Work instruction: The lines to repeat are those below from the one containing "Mercedes-Benz GLC 2.1" down to the one containing "Menhub Budi Karya", both included; reproduce them exactly and nothing else.

───── Listed entries

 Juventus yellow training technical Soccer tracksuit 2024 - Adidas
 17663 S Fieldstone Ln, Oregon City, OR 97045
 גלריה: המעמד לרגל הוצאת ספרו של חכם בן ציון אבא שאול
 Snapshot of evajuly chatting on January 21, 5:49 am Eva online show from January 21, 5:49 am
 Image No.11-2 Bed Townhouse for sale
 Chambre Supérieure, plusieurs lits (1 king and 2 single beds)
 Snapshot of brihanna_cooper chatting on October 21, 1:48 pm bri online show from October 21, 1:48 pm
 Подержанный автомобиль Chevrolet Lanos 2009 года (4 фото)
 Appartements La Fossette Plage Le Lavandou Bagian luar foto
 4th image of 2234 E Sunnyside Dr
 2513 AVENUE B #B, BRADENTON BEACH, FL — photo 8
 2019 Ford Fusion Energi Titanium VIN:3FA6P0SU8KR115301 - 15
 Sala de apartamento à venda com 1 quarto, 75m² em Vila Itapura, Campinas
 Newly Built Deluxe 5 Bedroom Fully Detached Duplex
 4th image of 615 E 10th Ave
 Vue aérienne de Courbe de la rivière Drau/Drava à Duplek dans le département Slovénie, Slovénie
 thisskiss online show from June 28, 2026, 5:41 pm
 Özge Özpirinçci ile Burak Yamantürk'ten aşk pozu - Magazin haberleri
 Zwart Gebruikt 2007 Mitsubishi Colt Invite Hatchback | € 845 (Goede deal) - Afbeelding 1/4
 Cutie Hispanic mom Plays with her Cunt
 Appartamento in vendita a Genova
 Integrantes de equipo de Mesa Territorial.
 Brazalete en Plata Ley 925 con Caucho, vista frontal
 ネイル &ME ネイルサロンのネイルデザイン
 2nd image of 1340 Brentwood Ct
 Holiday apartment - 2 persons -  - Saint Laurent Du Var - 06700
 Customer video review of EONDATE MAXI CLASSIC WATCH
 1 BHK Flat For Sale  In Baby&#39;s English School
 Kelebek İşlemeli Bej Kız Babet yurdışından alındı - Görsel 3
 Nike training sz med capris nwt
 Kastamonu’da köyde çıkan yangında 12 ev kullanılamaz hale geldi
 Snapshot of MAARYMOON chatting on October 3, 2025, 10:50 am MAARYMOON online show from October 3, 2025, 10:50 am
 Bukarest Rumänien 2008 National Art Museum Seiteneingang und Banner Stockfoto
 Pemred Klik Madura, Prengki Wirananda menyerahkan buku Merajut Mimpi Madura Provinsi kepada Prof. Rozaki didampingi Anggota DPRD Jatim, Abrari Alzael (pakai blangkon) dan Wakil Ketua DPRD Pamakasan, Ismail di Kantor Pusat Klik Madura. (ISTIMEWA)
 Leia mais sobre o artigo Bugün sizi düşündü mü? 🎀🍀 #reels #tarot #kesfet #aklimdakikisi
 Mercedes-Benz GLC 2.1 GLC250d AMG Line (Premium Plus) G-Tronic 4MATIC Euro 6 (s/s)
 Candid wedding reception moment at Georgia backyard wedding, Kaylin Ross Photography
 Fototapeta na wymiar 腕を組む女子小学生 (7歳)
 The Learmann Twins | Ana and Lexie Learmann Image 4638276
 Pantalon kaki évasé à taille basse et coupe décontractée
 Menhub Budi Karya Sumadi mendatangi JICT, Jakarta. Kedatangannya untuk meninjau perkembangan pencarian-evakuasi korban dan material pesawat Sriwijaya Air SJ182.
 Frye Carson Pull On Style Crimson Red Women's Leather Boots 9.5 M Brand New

──────────

Output:
 Mercedes-Benz GLC 2.1 GLC250d AMG Line (Premium Plus) G-Tronic 4MATIC Euro 6 (s/s)
 Candid wedding reception moment at Georgia backyard wedding, Kaylin Ross Photography
 Fototapeta na wymiar 腕を組む女子小学生 (7歳)
 The Learmann Twins | Ana and Lexie Learmann Image 4638276
 Pantalon kaki évasé à taille basse et coupe décontractée
 Menhub Budi Karya Sumadi mendatangi JICT, Jakarta. Kedatangannya untuk meninjau perkembangan pencarian-evakuasi korban dan material pesawat Sriwijaya Air SJ182.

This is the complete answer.